→ **Your goal**
In the material below, the lines from the one containing "Coupe-branches à enclume" through the one containing "Honda Odyssey 2013, 144208" are to be given again exactly, ends included, and no others.

→ **Information supplied**
+-------+

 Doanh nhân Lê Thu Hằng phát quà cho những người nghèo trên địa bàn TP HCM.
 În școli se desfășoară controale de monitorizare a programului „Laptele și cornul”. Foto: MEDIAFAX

+-------+

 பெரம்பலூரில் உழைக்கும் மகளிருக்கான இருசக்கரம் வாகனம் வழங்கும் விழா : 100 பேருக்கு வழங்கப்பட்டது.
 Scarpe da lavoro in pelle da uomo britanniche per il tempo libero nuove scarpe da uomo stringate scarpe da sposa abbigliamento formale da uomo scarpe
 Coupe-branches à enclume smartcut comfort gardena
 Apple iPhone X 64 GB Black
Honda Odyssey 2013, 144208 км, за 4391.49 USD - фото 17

+-------+

→ **Finished exercise**
 Coupe-branches à enclume smartcut comfort gardena
 Apple iPhone X 64 GB Black
Honda Odyssey 2013, 144208 км, за 4391.49 USD - фото 17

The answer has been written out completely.